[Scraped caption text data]
#####

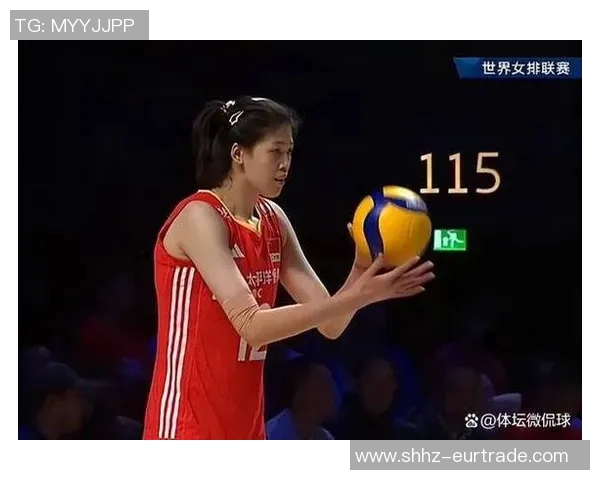 北京排球队的团队协作精神与战术配合探讨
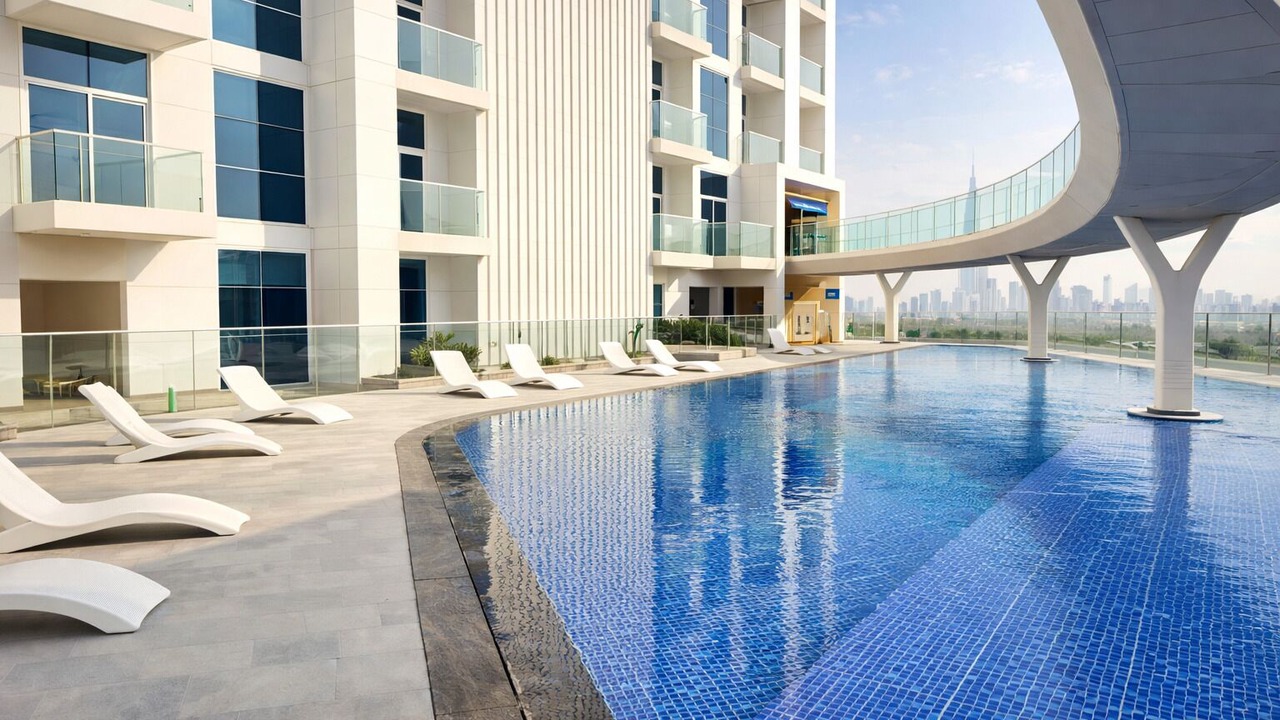Photo of Outdoor in Bur Dubai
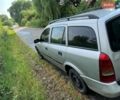Сірий Опель Астра, об'ємом двигуна 1.69 л та пробігом 222 тис. км за 2000 $, фото 3 на Automoto.ua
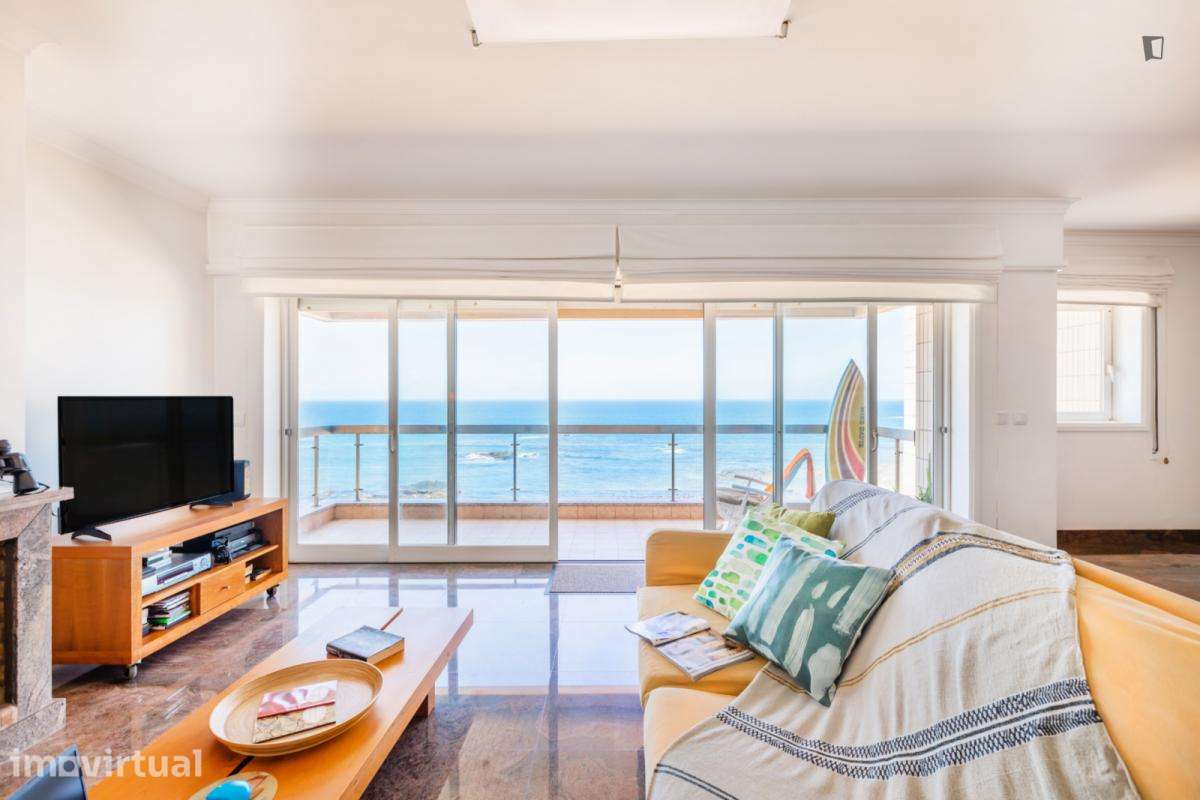 Apartamento com 3 quartos - localizado em Póvoa de Varzim Porto - Grande imagem: 4/41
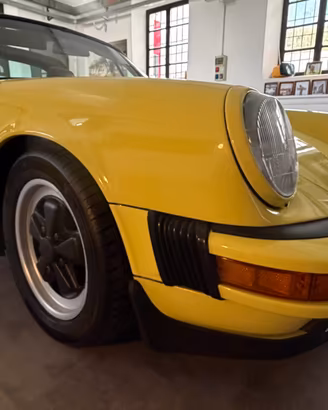 911 targa G50 unica  Leggere attentamente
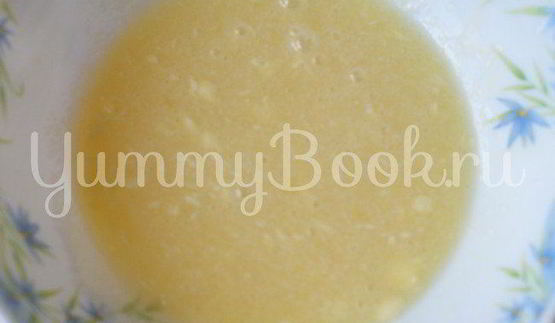 булочки в мультиварке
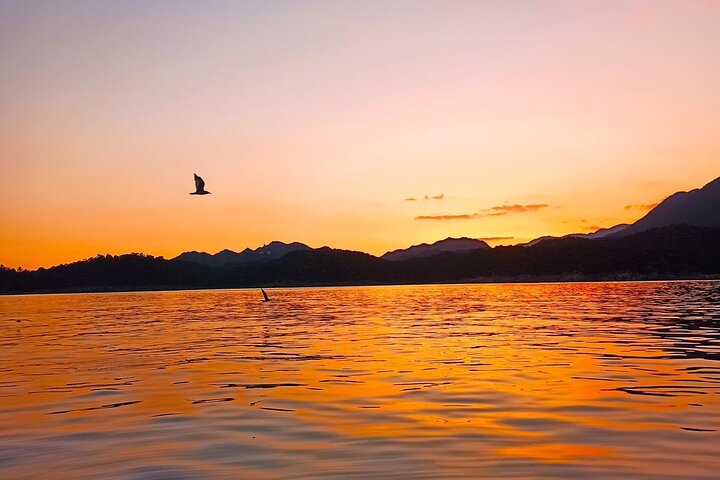 Kekova Sunset Cruise, Kas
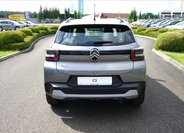 Citroën C3 Hatchback 1,2 l 74 kw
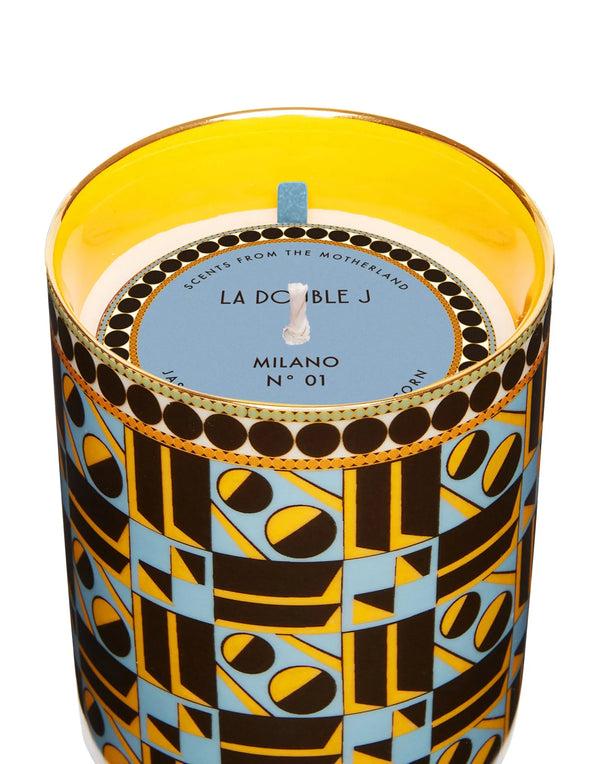 Ileana Makri Milano Candle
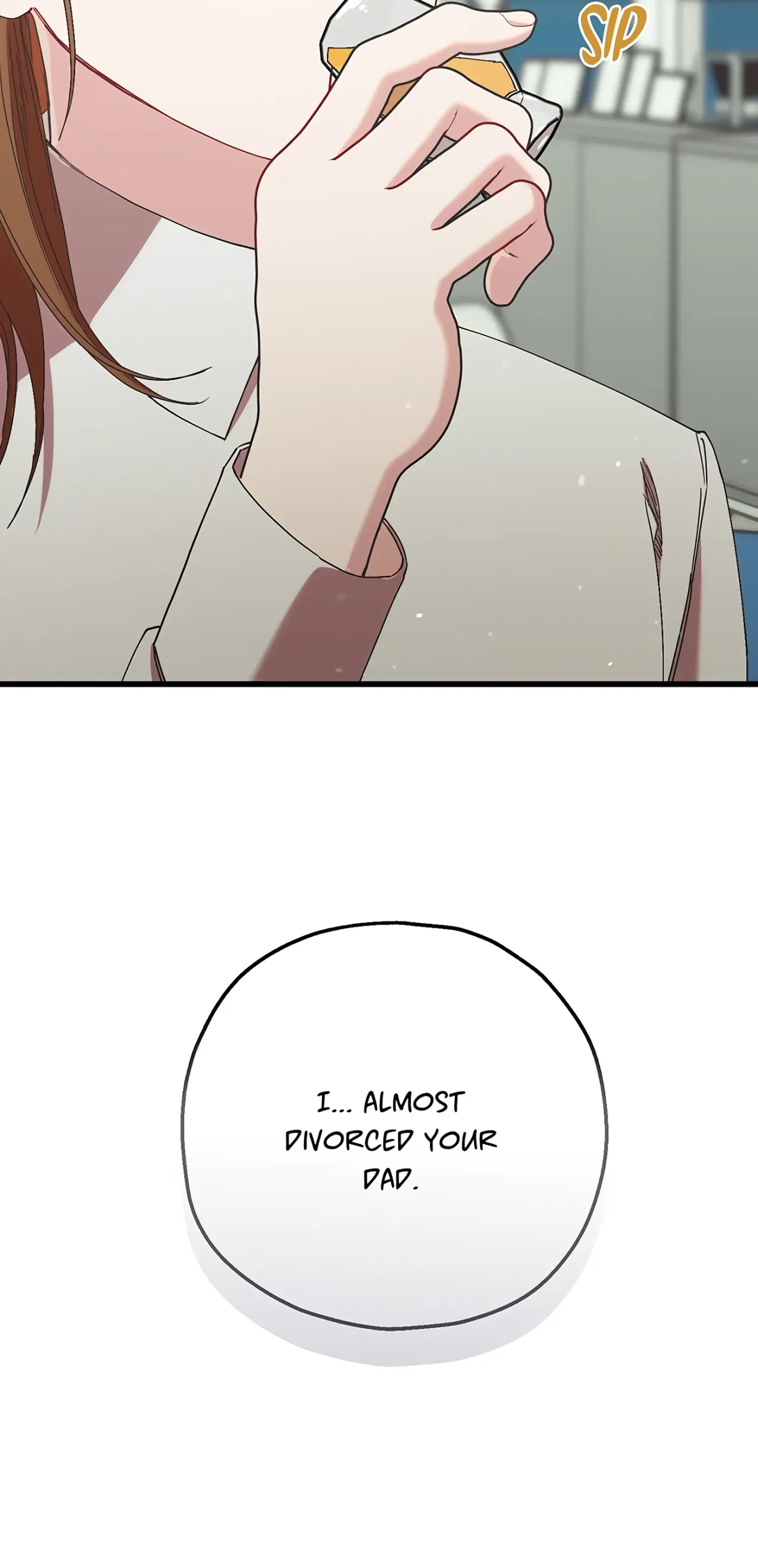 The Second Proposal Was Sweet Chapter 77 – Page 35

#####

— Work to be completed —
Pictures are not part of the copy; transcribe the rest of the data verbatim.

— Written answer —
 北京排球队的团队协作精神与战术配合探讨
Photo of Outdoor in Bur Dubai
Сірий Опель Астра, об'ємом двигуна 1.69 л та пробігом 222 тис. км за 2000 $, фото 3 на Automoto.ua
 Apartamento com 3 quartos - localizado em Póvoa de Varzim Porto - Grande imagem: 4/41
 911 targa G50 unica  Leggere attentamente
 булочки в мультиварке
 Kekova Sunset Cruise, Kas
 Citroën C3 Hatchback 1,2 l 74 kw
 Ileana Makri Milano Candle
 The Second Proposal Was Sweet Chapter 77 – Page 35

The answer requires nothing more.